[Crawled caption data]

>>>>>

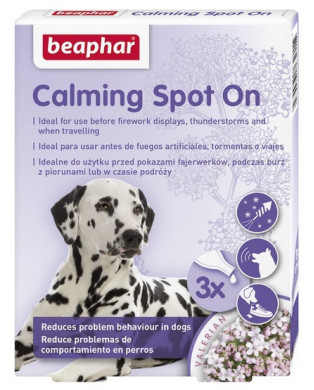 Beaphar Calming Spot On Dla Psów - 3 Pipety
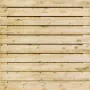 Tuinscherm Grenen 21 planks | Geschaafd | Horizontaal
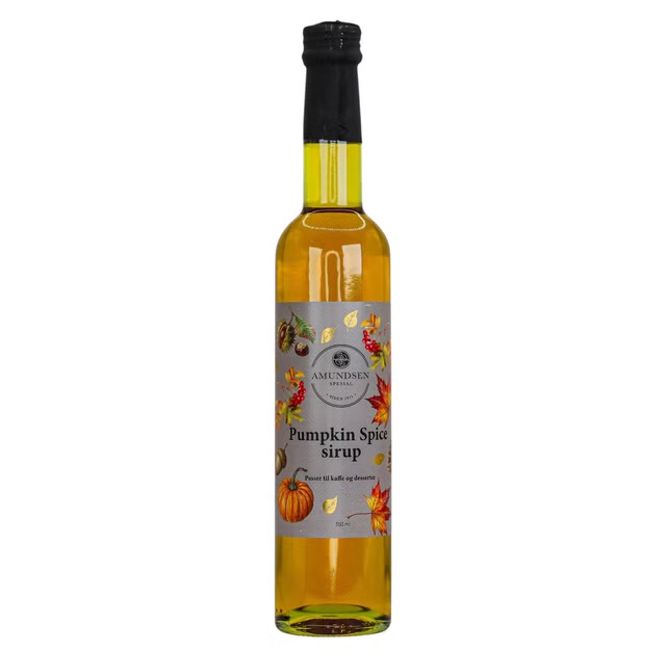 Hovedbilde Pumpkin Spice sirup, 350 ml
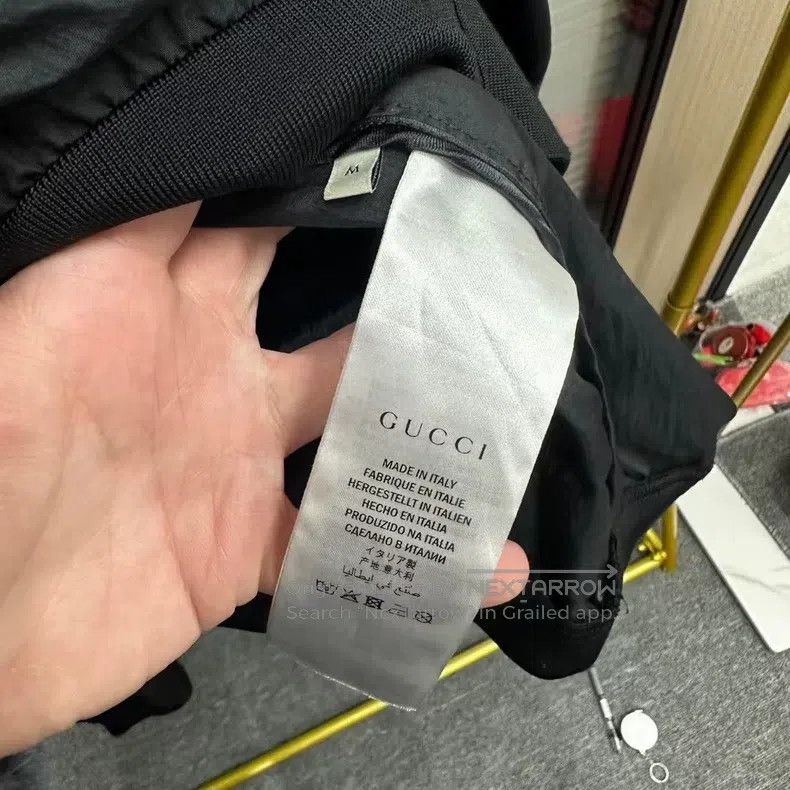 Gucci Gucci Side logo school uniform jacket Size US M / EU 48-50 / 2 - 4 Thumbnail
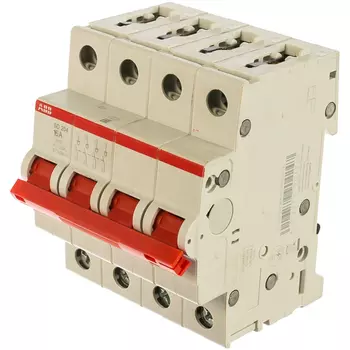 Четырехполюсной рубильник ABB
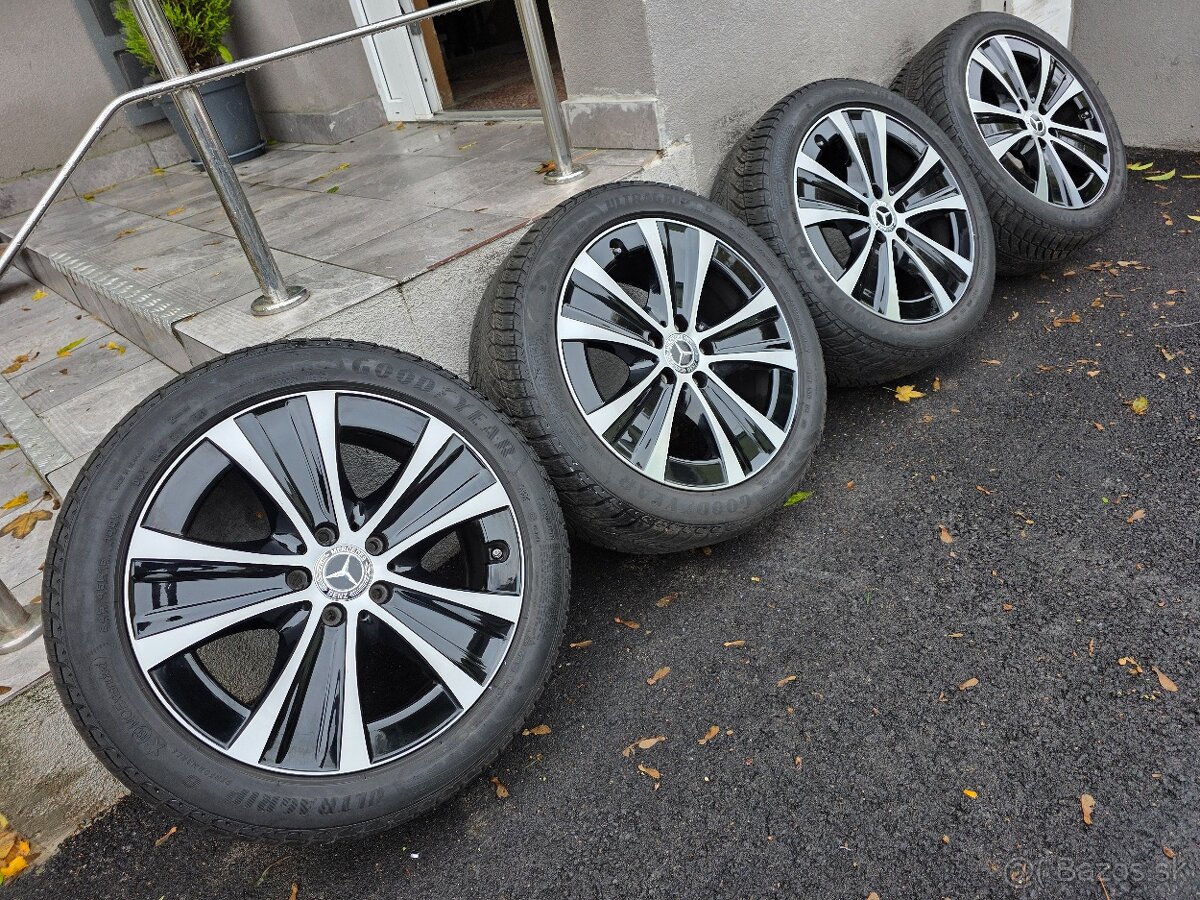 Zimné kolesa Mercedes E 18R W213 S213 C238 A238 - 6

<<<<<

**Task statement**.
Start at the line holding "Tuinscherm Grenen 21" and stop at the last line of the entries above. Repeat those lines exactly, pictures excluded.

**Result**.
 Tuinscherm Grenen 21 planks | Geschaafd | Horizontaal
 Hovedbilde Pumpkin Spice sirup, 350 ml
 Gucci Gucci Side logo school uniform jacket Size US M / EU 48-50 / 2 - 4 Thumbnail
 Четырехполюсной рубильник ABB
 Zimné kolesa Mercedes E 18R W213 S213 C238 A238 - 6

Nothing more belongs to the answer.